PR Surfing 1PR Surfing 2

Thats me on the left, and Crystal on the right. Unfortunately some of our pictures of this part of the trip got lost. Otherwise, I could show you a few better pictures of it. Also, the camerapersons didnt know how to use zoom, so I had to blow the pictures up a bit. Anyway, it was fun, so who cares about pictures!

As soon as we hung up our boards we hopped in the car, still dripping, to make a lightning trip across the island to catch the ferry in Fajardo to the island of Culebra.  We got there on the ferry that night, (at $2.25 apiece its the first affordable thing Id seen on the island!), but of course the ferry took about an hour and a half, so we got there well after dark; unfortunately, the people who were supposed to meet us and take us to a rental house had heard that the ferry wasnt coming, so they didnt bother to meet it.

But strangely enough, we asked one of the ferry workers where there was a place we could stay, and he had a friend who had an apartment he rented out (for $75 a night!) with air conditioning and hot water. We looked at each other and said “this cant end well”, but at 10pm on an island where they roll up the streets at six you cant be too choosy. So we went there, and it wasnt too bad. It was certainly better than sleeping in the ferry station!

Now, about Culebra: if you took away all the drunk ex-pats, the incredibly bad streets (and I say this with Mexico and Ecuador under my belt, so when I say “incredibly bad”, keep that in mind!), the general and unnecessary clutter and dirtiness and the overpriced housing it would be a nice place. It does have nice beaches, and it is possible to get away from the people. But it wasnt the paradise it was advertised to be. But then, what place is ever as good as its advertised to be by the local tourism commission?

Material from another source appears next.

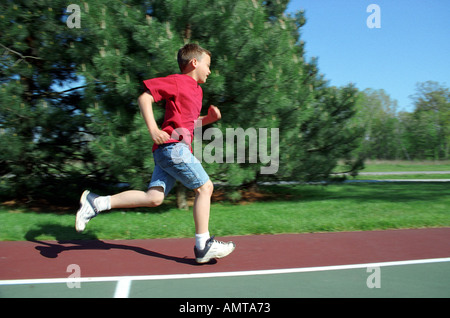 DM 8 year old boy running wearing old tennis shoes Stock Photo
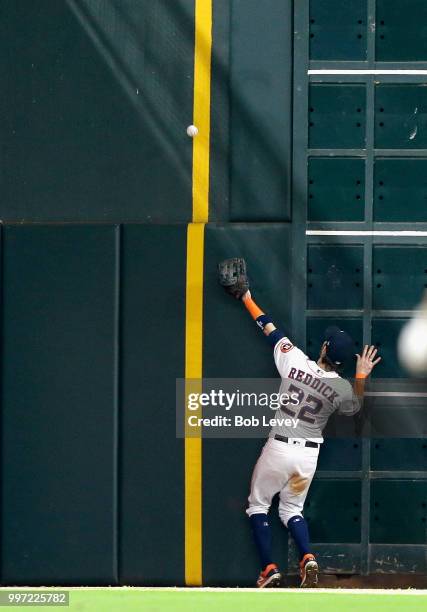 Josh Reddick of the Houston Astros is unable to make a play on a ball hit by Mark Canha of the Oakland Athletics in the eighth inning that scores two...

Playa Flamenco is touted as one of the top ten beaches in the world – and it IS nice. But it has that “developed by US National Park System” feel about it now, which kinda ruins it for me. You know, brown signs everywhere saying what you cant do, run down bathrooms on site, camping, dirty concession stands, roped off paths, etc.

So we took a left at the Flamenco parking lot and walked across the hilltop for a trip of 12-15 “Lonely Planet” minutes (which was 30 minutes in the real world) to Playa Carlos Rosario, which is a very nice beach – almost as nice as Flamenco, I think – but completely undeveloped and only a few tiny signs of civilization. And had some of the best snorkeling Ive seen so far, in my admittedly limited snorkeling career.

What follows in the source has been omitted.